Wednesday, November 20, 2013


As Thanksgiving approaches I think about gratitude for the many blessings in my life.  One of my favorite Thanksgiving memories is my mother giving me a framed poem about the blessings of friendship and all the kinds of friends who enrich our lives.

Last night as my spiritual reading group discussed Brene Brown’s Daring Greatly, we got to talking about how we sometimes think our lives are so terrible but in fact, a little perspective (a typhoon in the Philippines, tornados in Ilinois) is all it takes to make us count our blessings.  Brown’s book, which focuses on shame and how it keeps us from connecting with one another, reminded me of the blessings of belonging and relationship.

Today, cleaning out some files, I was confronted by blessings again, this time in an article reprinted from My Grandfather’s Blessings: Stories of Strength, Refuge, and Belonging by Rachel Naomi Remen, M.D.  She has some beautiful and insightful things to say about blessings, and I thought I’d share them. 

Remen calls blessings “a moment of awakening in which one remembers the holy nature of the world… [and] heaven and earth meet and greet and recognize one another.”    Blessing one another can be as simple as a smile or an offer of help or compassionate listening. 

I absolutely love her distinction between prayer and blessings: “[A] prayer is about our relationship to God; a blessing is about our relationship to the spark of God in one another…When we bless others, we offer them refuge from an indifferent world.”  But a blessing “is not something that one person gives another,” it is more reciprocal than that.  “A blessing is a moment of meeting, a certain kind of relationship in which both people involved remember and acknowledge their true nature and worth, and strengthen what is whole in one another.” 

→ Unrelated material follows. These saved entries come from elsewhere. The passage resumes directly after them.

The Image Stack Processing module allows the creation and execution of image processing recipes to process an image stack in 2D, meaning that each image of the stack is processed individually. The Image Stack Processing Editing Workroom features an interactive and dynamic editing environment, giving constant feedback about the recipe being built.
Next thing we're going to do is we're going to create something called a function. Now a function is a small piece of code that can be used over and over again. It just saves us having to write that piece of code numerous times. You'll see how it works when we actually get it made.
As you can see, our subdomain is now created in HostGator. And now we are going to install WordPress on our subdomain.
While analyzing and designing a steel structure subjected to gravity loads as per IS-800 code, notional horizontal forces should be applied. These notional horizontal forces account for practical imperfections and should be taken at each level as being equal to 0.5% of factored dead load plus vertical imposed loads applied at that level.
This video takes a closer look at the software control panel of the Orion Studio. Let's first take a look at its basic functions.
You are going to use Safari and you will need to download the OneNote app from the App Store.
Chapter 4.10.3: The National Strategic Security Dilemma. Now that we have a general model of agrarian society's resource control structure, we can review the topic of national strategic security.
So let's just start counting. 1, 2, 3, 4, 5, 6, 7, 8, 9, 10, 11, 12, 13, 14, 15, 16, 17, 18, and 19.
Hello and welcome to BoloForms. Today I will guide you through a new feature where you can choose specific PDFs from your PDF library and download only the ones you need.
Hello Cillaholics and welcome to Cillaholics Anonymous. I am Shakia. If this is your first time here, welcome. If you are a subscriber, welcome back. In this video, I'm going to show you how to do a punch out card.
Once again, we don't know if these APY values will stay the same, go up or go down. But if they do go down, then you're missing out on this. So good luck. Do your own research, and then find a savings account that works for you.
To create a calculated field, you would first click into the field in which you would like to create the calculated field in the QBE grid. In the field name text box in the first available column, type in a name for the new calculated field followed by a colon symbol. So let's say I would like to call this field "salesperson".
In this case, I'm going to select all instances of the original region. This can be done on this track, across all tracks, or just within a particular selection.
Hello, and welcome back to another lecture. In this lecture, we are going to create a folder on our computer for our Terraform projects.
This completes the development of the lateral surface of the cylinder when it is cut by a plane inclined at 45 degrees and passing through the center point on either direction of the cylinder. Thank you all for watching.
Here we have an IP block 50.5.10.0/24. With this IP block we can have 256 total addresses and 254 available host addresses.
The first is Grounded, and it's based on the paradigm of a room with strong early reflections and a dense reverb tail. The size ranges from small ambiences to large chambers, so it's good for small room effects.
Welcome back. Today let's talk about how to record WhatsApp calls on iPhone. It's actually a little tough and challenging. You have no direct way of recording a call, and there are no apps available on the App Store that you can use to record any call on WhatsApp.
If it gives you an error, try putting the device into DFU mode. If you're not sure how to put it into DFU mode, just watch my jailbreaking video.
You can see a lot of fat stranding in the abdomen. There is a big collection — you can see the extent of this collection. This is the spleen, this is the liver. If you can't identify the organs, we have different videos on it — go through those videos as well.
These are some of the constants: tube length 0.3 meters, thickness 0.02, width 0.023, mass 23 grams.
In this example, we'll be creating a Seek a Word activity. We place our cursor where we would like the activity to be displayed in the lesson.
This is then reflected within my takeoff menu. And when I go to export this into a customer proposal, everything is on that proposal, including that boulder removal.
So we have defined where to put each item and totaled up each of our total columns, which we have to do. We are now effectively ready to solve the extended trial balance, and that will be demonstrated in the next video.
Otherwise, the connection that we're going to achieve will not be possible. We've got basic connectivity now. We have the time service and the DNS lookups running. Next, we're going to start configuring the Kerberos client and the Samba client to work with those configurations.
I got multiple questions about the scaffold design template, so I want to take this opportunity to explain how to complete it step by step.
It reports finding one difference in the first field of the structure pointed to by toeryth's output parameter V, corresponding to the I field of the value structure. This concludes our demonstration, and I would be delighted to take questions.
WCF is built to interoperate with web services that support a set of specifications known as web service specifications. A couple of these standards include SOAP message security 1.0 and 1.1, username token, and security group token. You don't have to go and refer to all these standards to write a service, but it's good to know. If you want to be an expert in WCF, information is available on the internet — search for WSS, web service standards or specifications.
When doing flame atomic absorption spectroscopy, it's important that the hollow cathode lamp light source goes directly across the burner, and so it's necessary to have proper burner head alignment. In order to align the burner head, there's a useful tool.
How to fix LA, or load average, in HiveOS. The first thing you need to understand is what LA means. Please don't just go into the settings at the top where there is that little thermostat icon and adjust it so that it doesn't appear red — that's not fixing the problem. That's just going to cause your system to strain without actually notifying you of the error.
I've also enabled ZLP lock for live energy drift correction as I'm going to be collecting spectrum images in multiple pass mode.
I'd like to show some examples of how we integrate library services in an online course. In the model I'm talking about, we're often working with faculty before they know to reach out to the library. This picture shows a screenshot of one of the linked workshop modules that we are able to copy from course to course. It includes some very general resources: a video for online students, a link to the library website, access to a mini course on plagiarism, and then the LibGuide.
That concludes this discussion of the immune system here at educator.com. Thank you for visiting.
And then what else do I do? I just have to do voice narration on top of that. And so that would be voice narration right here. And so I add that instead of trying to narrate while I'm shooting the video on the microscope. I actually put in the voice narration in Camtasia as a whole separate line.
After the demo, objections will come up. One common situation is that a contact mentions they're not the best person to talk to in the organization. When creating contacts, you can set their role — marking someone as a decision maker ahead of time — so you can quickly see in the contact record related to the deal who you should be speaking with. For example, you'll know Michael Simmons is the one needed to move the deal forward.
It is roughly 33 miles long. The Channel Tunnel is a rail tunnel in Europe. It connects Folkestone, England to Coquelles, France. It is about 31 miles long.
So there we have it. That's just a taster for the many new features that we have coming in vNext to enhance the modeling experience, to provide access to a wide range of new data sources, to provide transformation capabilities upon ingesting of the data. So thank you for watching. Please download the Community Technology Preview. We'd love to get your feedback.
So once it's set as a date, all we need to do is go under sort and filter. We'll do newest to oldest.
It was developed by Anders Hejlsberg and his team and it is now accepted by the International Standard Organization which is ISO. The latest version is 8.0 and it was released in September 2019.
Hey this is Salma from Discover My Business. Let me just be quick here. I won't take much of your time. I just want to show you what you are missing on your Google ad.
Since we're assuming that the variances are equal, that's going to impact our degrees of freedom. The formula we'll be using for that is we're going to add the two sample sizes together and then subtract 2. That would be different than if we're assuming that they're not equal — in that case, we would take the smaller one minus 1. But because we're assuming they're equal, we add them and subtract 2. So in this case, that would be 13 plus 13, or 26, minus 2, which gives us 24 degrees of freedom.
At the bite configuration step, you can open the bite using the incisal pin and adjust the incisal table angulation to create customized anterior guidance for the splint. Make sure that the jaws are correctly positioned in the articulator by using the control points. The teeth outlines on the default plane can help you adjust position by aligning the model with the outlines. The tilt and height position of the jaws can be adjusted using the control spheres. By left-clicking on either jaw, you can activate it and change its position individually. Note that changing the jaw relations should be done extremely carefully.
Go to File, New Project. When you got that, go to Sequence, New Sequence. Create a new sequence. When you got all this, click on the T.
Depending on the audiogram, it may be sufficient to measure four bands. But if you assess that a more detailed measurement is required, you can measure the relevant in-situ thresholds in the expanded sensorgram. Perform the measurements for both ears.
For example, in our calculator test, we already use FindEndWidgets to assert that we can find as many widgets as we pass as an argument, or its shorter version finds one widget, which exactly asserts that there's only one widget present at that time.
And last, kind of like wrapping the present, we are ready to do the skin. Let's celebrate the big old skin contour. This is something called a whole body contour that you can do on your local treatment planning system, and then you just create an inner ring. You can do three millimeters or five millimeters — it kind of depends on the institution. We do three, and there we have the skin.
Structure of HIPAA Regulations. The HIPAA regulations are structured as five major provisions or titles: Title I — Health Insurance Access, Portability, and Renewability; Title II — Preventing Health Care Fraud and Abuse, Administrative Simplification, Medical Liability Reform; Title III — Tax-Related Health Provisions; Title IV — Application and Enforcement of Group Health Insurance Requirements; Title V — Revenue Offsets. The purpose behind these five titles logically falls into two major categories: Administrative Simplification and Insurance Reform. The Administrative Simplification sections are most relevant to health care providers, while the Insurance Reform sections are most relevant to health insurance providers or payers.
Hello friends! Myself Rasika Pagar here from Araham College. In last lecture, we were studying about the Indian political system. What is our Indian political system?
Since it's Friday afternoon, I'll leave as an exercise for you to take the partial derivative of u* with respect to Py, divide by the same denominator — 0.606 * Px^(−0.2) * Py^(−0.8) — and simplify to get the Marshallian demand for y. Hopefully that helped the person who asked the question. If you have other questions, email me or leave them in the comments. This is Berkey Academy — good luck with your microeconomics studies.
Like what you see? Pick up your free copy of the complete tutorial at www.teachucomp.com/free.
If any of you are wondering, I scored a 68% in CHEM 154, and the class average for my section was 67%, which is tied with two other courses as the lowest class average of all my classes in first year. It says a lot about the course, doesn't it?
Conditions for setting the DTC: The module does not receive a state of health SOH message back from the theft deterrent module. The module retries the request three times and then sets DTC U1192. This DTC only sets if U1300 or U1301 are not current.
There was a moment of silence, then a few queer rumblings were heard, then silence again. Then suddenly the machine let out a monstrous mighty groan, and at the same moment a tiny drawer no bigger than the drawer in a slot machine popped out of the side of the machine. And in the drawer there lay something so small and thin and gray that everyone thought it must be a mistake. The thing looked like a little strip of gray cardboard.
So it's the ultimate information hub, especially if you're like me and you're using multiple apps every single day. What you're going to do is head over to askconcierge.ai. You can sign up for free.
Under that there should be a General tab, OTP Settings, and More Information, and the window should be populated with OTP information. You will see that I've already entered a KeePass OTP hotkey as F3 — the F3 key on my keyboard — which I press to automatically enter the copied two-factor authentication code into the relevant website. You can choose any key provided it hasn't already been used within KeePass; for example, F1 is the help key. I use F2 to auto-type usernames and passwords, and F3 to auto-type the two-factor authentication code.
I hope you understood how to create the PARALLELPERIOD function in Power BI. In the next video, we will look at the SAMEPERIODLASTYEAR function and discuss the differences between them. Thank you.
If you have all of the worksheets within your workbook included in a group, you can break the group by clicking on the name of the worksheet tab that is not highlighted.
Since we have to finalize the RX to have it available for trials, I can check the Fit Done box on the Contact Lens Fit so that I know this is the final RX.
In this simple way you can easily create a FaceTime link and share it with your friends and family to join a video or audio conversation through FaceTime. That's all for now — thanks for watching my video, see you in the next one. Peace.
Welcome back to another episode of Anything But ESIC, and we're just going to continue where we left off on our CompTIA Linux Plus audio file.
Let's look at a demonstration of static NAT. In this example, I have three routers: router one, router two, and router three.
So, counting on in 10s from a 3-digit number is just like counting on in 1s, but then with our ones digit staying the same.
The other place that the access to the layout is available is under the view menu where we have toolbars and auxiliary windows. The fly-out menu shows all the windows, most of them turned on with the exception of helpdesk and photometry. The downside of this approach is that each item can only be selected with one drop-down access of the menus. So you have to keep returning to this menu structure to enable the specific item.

“When someone blesses you, it reminds you a little—untying the knots of belief and fear and self-doubt that have separated you from your own goodness.  Freeing you to bless and receive blessings from everything around you.”

Remen and I share a fondness for the Indian greeting of blessing, NAMASTE: The divine in me greets the divine in you.  We’d be doing well to remember this concept as we pass each other in our busy days, and we will all be enriched by the effort.